# Exercise prompt
Give again only the lines from the line that holds "Lampe sur pied" to the end of the data, inclusive, omitting all pictures.

# Provided entries
===============
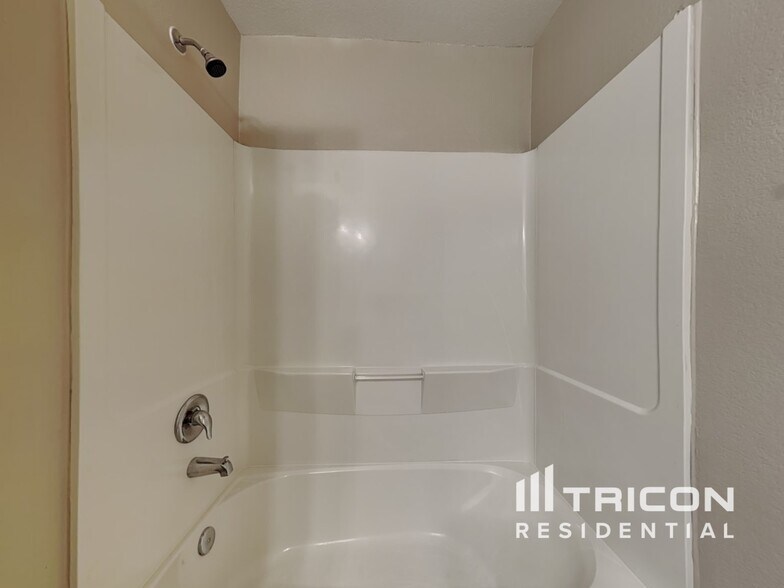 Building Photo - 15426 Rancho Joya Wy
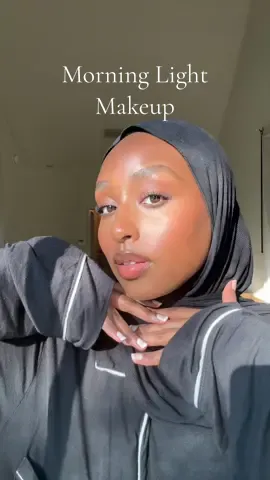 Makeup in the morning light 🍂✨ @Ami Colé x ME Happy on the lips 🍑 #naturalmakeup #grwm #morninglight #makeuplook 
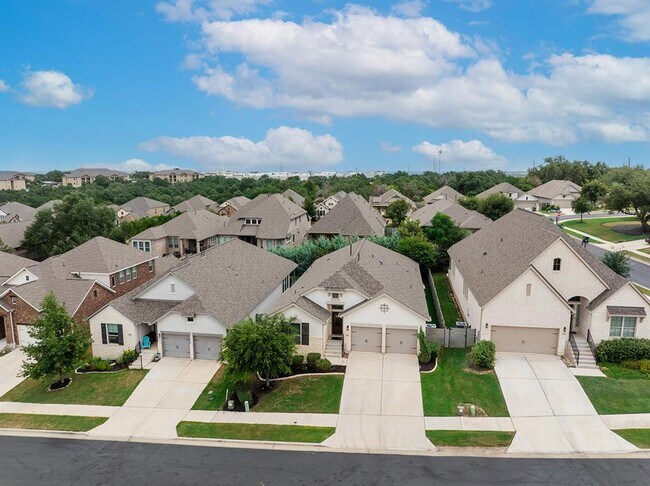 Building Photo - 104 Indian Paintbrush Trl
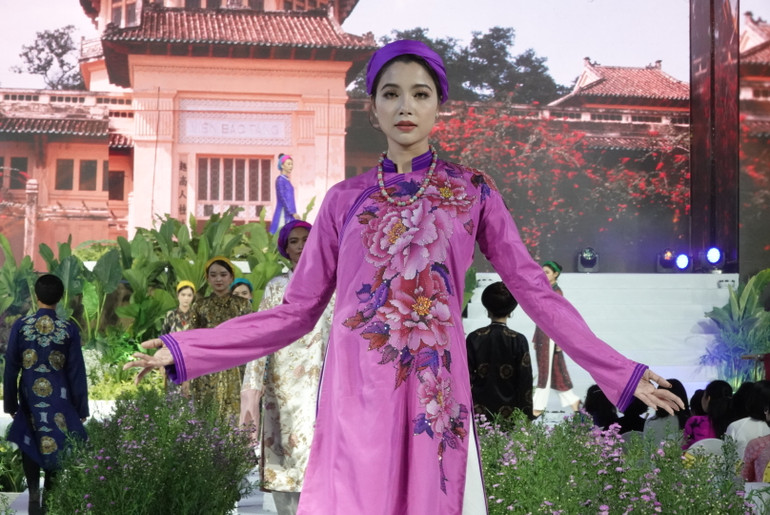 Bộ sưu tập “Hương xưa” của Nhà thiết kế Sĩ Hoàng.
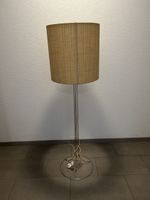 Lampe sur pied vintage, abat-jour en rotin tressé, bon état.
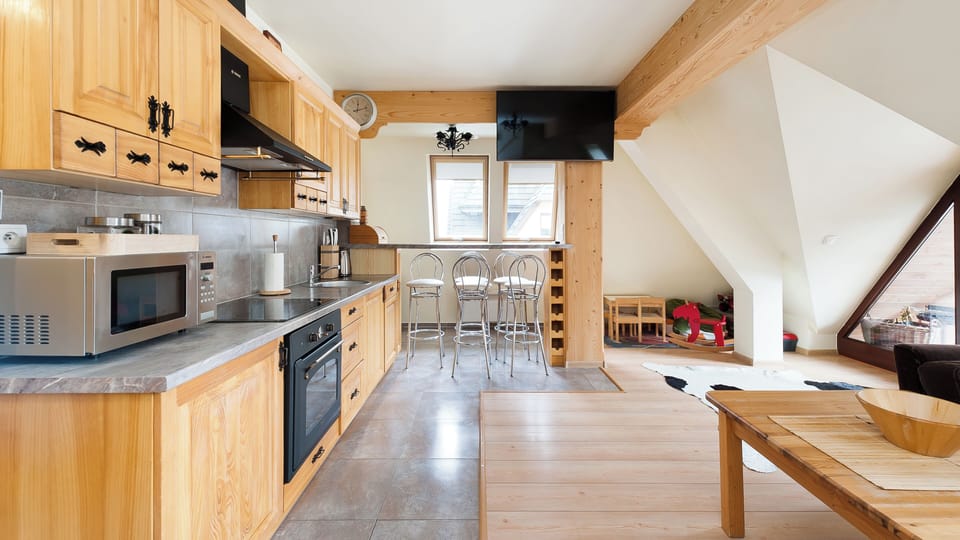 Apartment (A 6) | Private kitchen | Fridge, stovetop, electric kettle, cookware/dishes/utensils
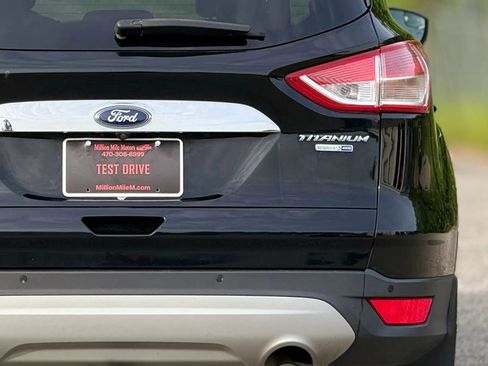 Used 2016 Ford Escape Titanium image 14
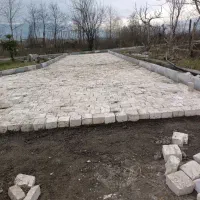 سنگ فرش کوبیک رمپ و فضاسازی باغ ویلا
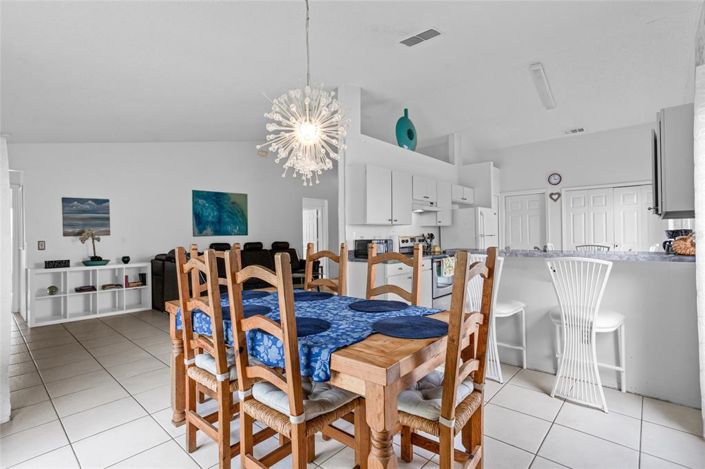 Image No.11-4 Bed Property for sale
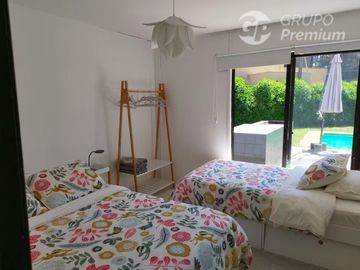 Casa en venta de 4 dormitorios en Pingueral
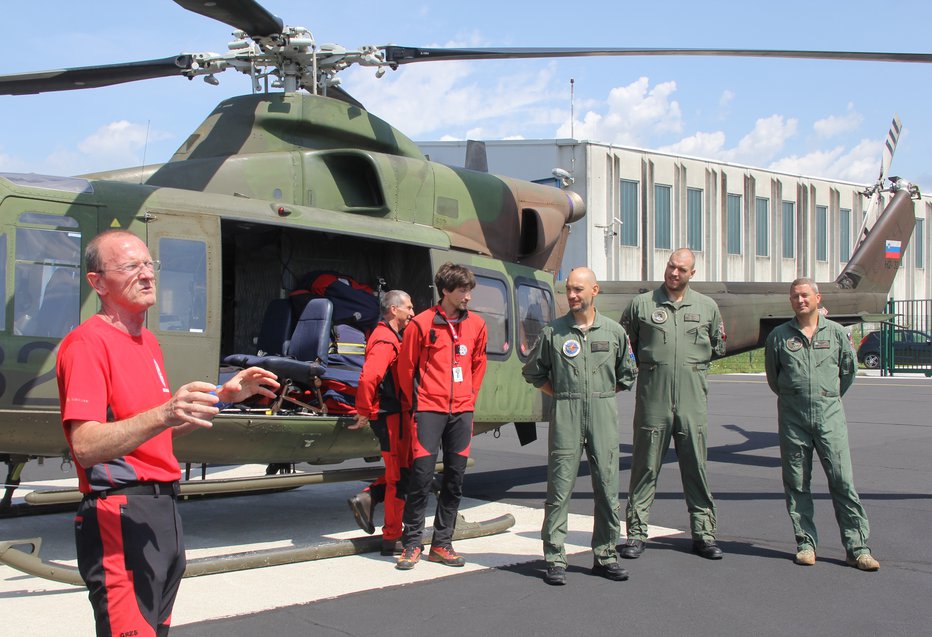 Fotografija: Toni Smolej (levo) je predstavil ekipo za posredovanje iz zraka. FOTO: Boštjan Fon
===============
# Written solution
 Lampe sur pied vintage, abat-jour en rotin tressé, bon état.
 Apartment (A 6) | Private kitchen | Fridge, stovetop, electric kettle, cookware/dishes/utensils
 Used 2016 Ford Escape Titanium image 14
 سنگ فرش کوبیک رمپ و فضاسازی باغ ویلا
 Image No.11-4 Bed Property for sale
 Casa en venta de 4 dormitorios en Pingueral
 Fotografija: Toni Smolej (levo) je predstavil ekipo za posredovanje iz zraka. FOTO: Boštjan Fon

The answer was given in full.